• [AIM OF THE TASK]
Only the lines below, from the one with "Wie ein Kristall by Rainer Seidl" through the one with "f''(x) = 6x^5/x^4", are to be written out, exactly.

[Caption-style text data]
* * *
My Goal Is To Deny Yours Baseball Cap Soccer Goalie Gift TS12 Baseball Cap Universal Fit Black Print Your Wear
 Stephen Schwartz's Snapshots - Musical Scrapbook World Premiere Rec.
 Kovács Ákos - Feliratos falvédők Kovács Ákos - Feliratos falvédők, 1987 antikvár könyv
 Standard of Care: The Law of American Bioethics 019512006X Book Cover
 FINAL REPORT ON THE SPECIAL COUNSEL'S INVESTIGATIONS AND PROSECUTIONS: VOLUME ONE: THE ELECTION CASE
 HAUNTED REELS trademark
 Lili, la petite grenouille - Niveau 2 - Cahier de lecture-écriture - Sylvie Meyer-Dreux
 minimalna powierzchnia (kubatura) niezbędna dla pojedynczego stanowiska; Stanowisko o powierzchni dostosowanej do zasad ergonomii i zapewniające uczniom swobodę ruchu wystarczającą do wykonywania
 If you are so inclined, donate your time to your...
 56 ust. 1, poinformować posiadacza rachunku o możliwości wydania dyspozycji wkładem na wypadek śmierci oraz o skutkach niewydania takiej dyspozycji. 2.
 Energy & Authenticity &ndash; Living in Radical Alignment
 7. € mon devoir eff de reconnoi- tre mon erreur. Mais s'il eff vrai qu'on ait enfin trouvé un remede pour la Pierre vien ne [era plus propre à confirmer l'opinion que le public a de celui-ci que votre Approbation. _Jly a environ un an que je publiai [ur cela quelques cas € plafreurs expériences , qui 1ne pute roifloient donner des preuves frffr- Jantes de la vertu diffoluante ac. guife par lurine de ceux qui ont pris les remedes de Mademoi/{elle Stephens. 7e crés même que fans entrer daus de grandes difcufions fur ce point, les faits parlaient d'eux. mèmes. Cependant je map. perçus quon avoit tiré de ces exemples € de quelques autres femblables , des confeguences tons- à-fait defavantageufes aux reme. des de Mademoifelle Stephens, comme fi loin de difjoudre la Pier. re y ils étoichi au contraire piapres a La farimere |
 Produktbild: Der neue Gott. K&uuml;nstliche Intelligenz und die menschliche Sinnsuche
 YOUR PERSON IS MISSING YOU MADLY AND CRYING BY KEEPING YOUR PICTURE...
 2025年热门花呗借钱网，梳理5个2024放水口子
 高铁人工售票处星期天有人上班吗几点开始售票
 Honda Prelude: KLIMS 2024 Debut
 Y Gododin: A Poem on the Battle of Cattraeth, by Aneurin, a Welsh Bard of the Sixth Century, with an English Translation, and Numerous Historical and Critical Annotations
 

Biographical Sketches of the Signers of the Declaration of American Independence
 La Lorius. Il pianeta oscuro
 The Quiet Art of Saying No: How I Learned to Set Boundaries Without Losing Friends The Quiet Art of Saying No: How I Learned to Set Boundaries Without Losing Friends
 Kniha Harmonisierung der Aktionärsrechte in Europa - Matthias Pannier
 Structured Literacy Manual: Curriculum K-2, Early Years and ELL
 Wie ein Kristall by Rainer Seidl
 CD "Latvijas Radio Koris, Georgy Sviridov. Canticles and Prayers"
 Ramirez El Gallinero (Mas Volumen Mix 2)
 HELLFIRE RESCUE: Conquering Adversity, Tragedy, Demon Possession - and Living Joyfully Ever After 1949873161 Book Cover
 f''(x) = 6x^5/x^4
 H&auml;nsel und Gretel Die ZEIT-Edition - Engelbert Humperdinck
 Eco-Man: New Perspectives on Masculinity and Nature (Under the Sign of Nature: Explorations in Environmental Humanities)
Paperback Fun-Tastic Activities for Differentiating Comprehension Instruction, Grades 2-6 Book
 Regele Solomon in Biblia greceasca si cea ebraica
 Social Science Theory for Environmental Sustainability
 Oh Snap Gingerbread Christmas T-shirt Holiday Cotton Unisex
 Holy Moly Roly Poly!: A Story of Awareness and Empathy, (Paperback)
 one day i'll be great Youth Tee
* * *
• [ANSWER TO THIS EXERCISE]
 Wie ein Kristall by Rainer Seidl
 CD "Latvijas Radio Koris, Georgy Sviridov. Canticles and Prayers"
 Ramirez El Gallinero (Mas Volumen Mix 2)
 HELLFIRE RESCUE: Conquering Adversity, Tragedy, Demon Possession - and Living Joyfully Ever After 1949873161 Book Cover
 f''(x) = 6x^5/x^4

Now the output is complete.